* Records to process:
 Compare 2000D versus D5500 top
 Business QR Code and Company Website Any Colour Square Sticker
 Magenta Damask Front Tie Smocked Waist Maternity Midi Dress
---
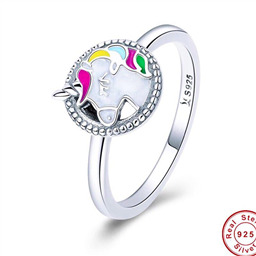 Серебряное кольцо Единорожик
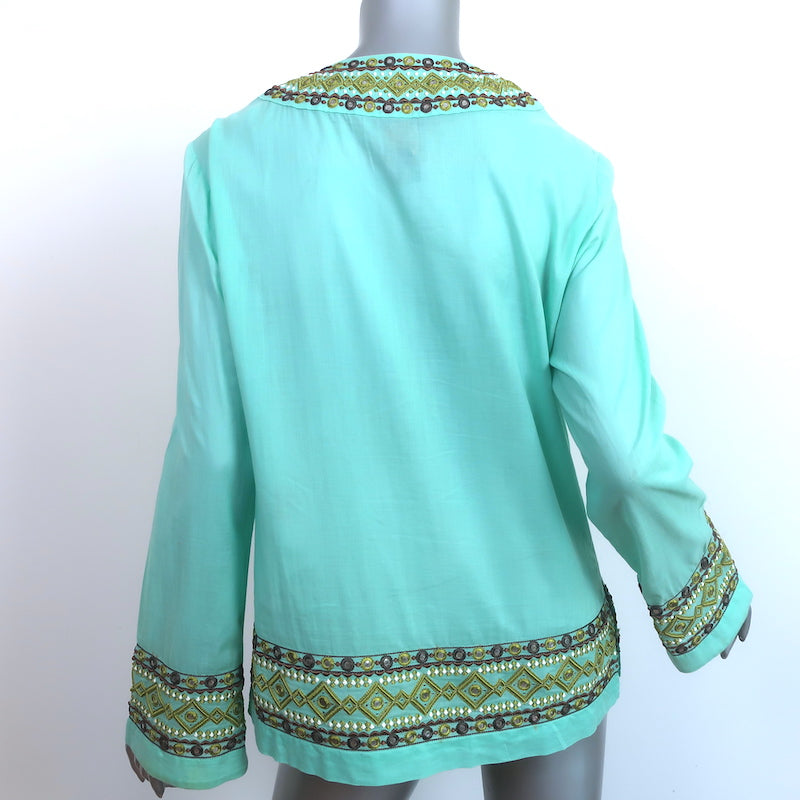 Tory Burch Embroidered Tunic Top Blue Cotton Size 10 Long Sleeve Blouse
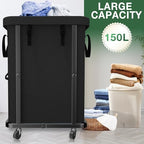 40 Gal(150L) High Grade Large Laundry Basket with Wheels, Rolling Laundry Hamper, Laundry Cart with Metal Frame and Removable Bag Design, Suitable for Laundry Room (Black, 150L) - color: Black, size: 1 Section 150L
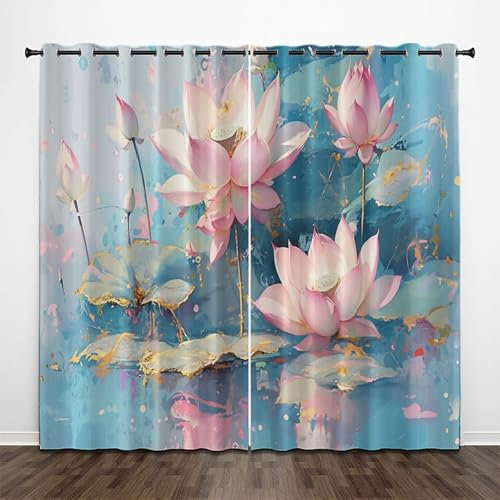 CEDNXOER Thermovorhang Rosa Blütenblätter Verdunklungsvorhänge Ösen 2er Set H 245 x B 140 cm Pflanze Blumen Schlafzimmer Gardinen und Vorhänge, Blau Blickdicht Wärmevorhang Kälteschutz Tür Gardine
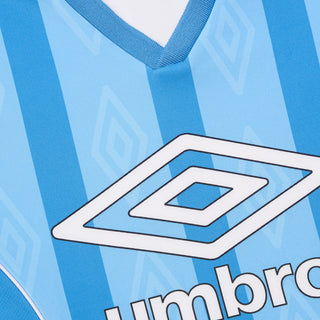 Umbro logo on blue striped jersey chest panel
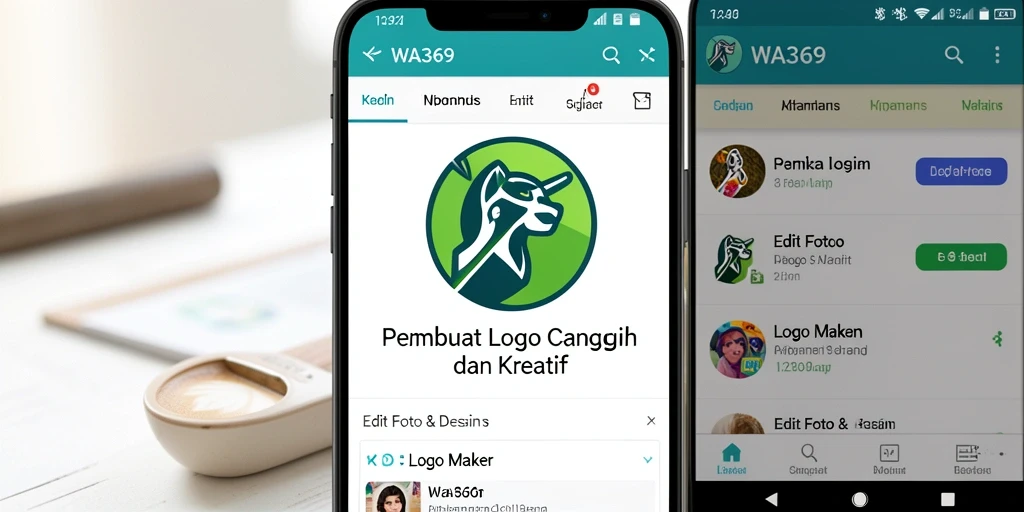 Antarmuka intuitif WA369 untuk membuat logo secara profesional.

* What is required: Only one stretch of the material above is wanted: the line containing "Umbro logo on" through the line containing "Antarmuka intuitif WA369". Restate it word for word, minus the pictures.

* Task response:
 Umbro logo on blue striped jersey chest panel
 Antarmuka intuitif WA369 untuk membuat logo secara profesional.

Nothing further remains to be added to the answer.